The UFS obtained a liquor license in March 2004 which must be administered by senior leagues in various residences on campus.   Normal liquor license conditions and the county’s liquor laws apply.  Liquor can only be sold to members of the senior league (or special guests) and also to persons over the age of 18 years.  Liquor may not be used in public (outside the senior league) or on campus.    

The senior leagues may only be open three nights per week and within prescribed times.  No liquor could be used in any other place than the senior league halls.  Senior leagues could buy liquor from club monies generated by themselves. 

The right of senior leagues to serve liquor was suspended by the Rector and Vice-Chancellor the UFS, Prof Frederick Fourie, on Monday 7 March 2005 – pending an investigation of the recent events on campus. 

The policy on banned practices include among others that no swearing and shouting at first-years may take place, no first-year student may be targeted individually, no senior may enter the room of a first-year student without an invitation or permission from that first-year student and no senior under the influence of alcohol may have contact with first-year students. 

The induction of first-year students takes place by means of three functions, namely an information function (the introduction to the various facets and possibilities of the university system), an induction function (the first-year student becomes involved in various campus and residence activities) and a development function (the first-year student is motivated to take charge of his development potential). 

No first-year induction activity may commence before the residence committee’s contracting with the senior students is not completed.  This meeting is attended by the residence head and all senior students.  The induction policy, residence induction policy of first-year students and first-year rules are discussed.

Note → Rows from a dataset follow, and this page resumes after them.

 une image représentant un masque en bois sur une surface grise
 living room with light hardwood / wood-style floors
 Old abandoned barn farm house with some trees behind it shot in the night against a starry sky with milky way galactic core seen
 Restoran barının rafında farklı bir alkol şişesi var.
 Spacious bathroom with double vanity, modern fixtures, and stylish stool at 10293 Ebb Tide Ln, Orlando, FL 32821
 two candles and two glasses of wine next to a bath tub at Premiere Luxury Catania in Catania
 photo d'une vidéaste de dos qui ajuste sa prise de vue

The senior students sign an attendance list to show that he/she was informed about the policies.  A senior who does not sign, may not be involved with any induction session with first-year students.  

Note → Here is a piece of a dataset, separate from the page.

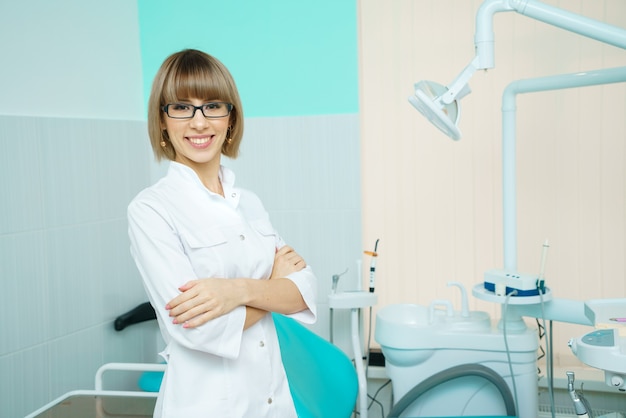 A female doctor in a white uniform is smiling against the background of an office. Health concept.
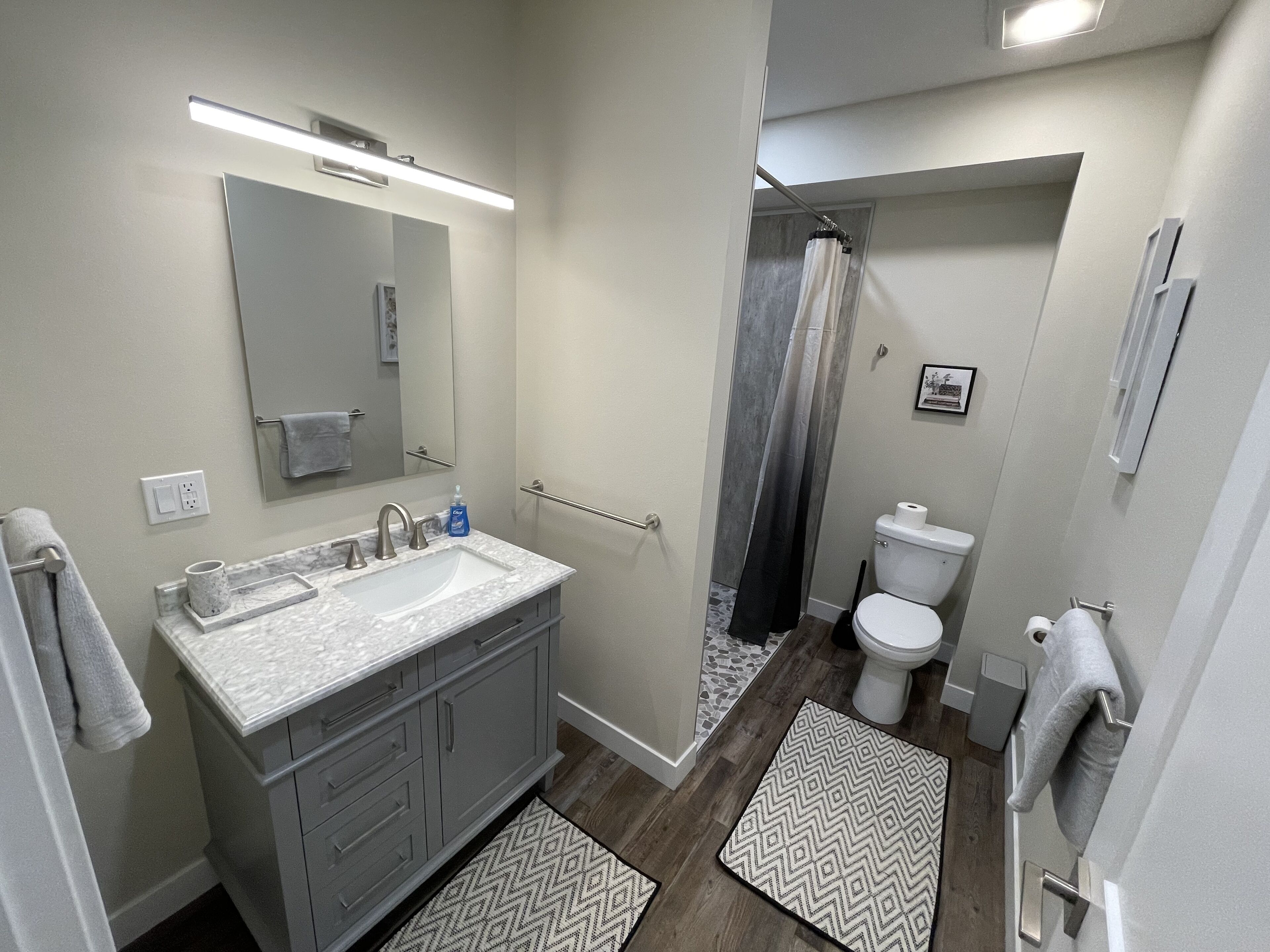 A modern bathroom with a marble sink, a toilet, and a shower area.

No physical contact is allowed during the conclusion of the first-year students’ official induction period.  The induction of first-year students as full members of the residence is a prestige event, presented by the residence committee.  No physical or degrading activities may take place. 

The Dean:  Student Affairs also has a daily meeting with the primarii of all the residences during the induction period.  This helps to monitor the situation and counter any problem behaviour or tendencies.

“Enforced behaviour – where a senior student forces a first-year student to do something against his/her own free wil – is not allowed.  Where there is any sign of this, it is met wortel en tak uitgeroei,” said Dr Luyt.

“In any group of people – whether it is a group of students or people at a workplace – there will always be those who will break the rules or those who would like to see how far they could push it.

The SRC, the UFS management and myself are and will stay committed to make each student’s life on this campus a school of learning and an experience which would be remembered for ever,” said Dr Luyt.